Skip to content

Playing with Gearman

This was written in September 2009 when the current version of Gearman was 0.9. Thanks to Eric Day for answering my dumb questions along the way.

To get started, install Gearman. I am on Debian, so this is what I installed:
% apt-get install gearman gearman-job-server gearman-tools libgearman1 libgearman-dev libdrizzle-dev
Enable Gearman in /etc/default/gearman-server
Set up Gearman to use MySQL for its persistent queue store in /etc/default/gearman-job-server
 PARAMS="-q libdrizzle --libdrizzle-host=127.0.0.1 --libdrizzle-user=gearman \
                       --libdrizzle-password=your_pw --libdrizzle-db=gearman \
                       --libdrizzle-table=gearman_queue --libdrizzle-mysql"

% mysqladmin create gearman

% mysql 
mysql> create USER gearman@localhost identified by 'your_pw';
mysql> GRANT ALL on gearman.* to gearman@localhost;
** Careful, if you are running MySQL using --old-passwords this won't work with libdrizzle. You will need to get the 41-char password hash with a little snippet of PHP that does the double sha1 encoding:
% php -r "echo '*'.strtoupper(sha1(sha1('your_pw',true)));"

% mysql
mysql> UPDATE mysql.user set Password='above_output' where User='gearman';

% mysqladmin flush-privileges
Then start the server.
% /etc/init.d/gearman-job-server start
Check to make sure gearmand is running. If it isn't, check for errors in /var/log/gearman-job-server/gearman.log
Also note that your password will be visible with 'ps' with this setup. The Gearman guys will be addressing this in gearmand-0.10

Next, let's get the gearman PHP extension installed. Grab it from svn:
% svn co http://svn.php.net/repository/pecl/gearman/trunk gearman
% cd gearman
% phpize
% ./configure --with-php-config=/usr/local/bin/php-config
(If you have autoconf problems, apt-get install autoconf2.59 and set your PHP_AUTOCONF env variable to "autoconf2.59")
% make install
edit your php.ini file and add: extension=gearman.so

Now we can add a worker. A worker is something that will process a Gearman request. We can write it in almost any language, but here is one in PHP (worker.php):
#!/usr/local/bin/php
<?php
$worker= new GearmanWorker();
$worker->addServer('127.0.0.1');

$worker->addFunction("reverse", "reverse_fn");

while (1) {
  print "Waiting for job...\n";
  $ret= $worker->work();
  if ($worker->returnCode() != GEARMAN_SUCCESS) break;
}
function reverse_fn($job) {
  $workload= $job->workload();
  echo "Received job: " . $job->handle() . "\n";
  echo "Workload: $workload\n";
  $result= strrev($workload);

  for($i=1; $i<=10;  $i++) {
    $job->status($i,10);
    sleep(1);
  }

  echo "Result: $result\n";
  return $result;
}
And start it up:
% chmod +x worker.php
% ./worker.php
Waiting for job...
Now, in another terminal we can test it from the command line:
% gearman -f reverse Rasmus
10% Complete
20% Complete
30% Complete
40% Complete
50% Complete
60% Complete
70% Complete
80% Complete
90% Complete
100% Complete
sumsaR
Or, better yet, from our Web application we can call it like this:
<?php
// Set up connection to gearmand
$client= new GearmanClient();
$client->addServer('127.0.0.1');

$task = $client->addTask("reverse", "ABC123");
$task = $client->addTask("reverse", "DEF456");
$result = $client->runTasks();
Here the two addTask() calls simply add the tasks to the queue, but doesn't run them yet, so they return right away. runTasks() is blocking, and since we only have one worker running, it will run them one after the other and this call will take 20 seconds to return.

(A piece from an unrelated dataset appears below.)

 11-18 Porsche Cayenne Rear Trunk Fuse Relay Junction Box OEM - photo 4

So, as you might expect, if you start a second instance of the worker program, these two tasks will run in parallel and runTasks() will return in 10 seconds this time.

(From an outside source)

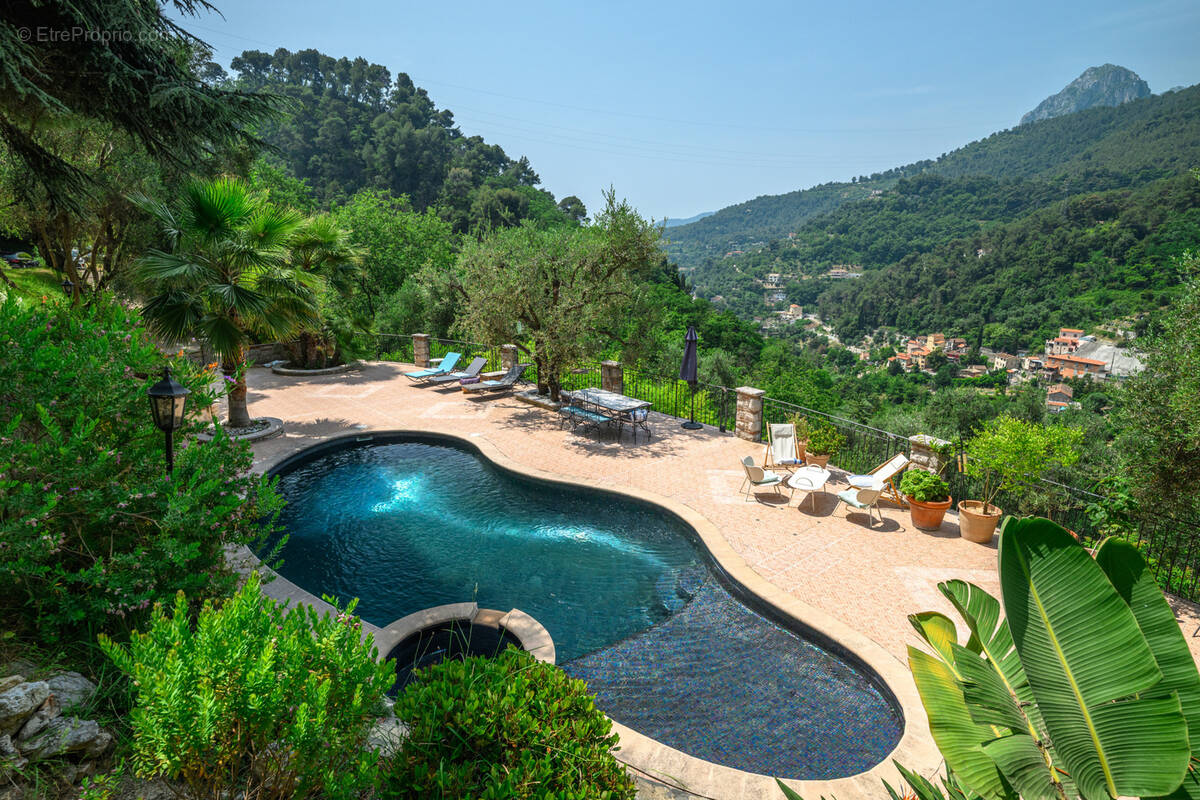 Maison à CASTELLAR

If you don't want to hang around waiting for the results, you can do:
$task = $client->addTaskBackground("reverse", "ABC123");
This will cause runTasks() to be non-blocking. Useful for starting a background jobs in one web request and then later coming back to check the status of them.

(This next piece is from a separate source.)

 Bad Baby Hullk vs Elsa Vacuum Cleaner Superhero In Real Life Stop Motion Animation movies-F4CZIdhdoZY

Speaking of checking the status. This isn't completely intuitive on the first glance. Because of the way tasks are managed, you have to tell the client library not to free the tasks as soon as they have been sent. So, we need to do something like this:
$client= new GearmanClient();
$client->addServer();
$client->setOptions(GEARMAN_CLIENT_FREE_TASKS, 0);
Then we add and run 2 background tasks:
$task1 = $client->addTaskBackground("reverse", "ABC123");
$task2 = $client->addTaskBackground("reverse", "DEF456");
$result = $client->runTasks();
Now that the jobs are running, or in the queue, we can get the job handles with:
$job1 = $task1->jobHandle();
$job2 = $task2->jobHandle();
A job handle is just a string that looks like "H:colo:70"
colo is the name of my machine.

We can sleep(3) and then check the status.
var_dump($client->jobStatus($job1));
var_dump($client->jobStatus($job2));
Each jobStatus() returns an array that looks like this:
array(4) {
  [0]=>
  bool(true)
  [1]=>
  bool(true)
  [2]=>
  int(6)
  [3]=>
  int(10)
}
The first two elements are isKnown and isRunning respectively. These flags do what they sound like. isKnown tells you if gearman knows about the job. This will be true if the job is in the queue or it is running. And isRunning obviously will be true if the job is currently running. The next two fields are the numerator and denominator set by our worker. In this case it is showing 6 out of 10, so 60% complete.

Of course, these job handles, since they are just strings, could also be stored in a user's session and checked from a separate request or from an Ajax call. This is where the power of gearman starts to become apparent. Out-of-band managed processing. And, of course, the job server or servers don't need to run on localhost. You can set up a dedicated farm of backend processing servers.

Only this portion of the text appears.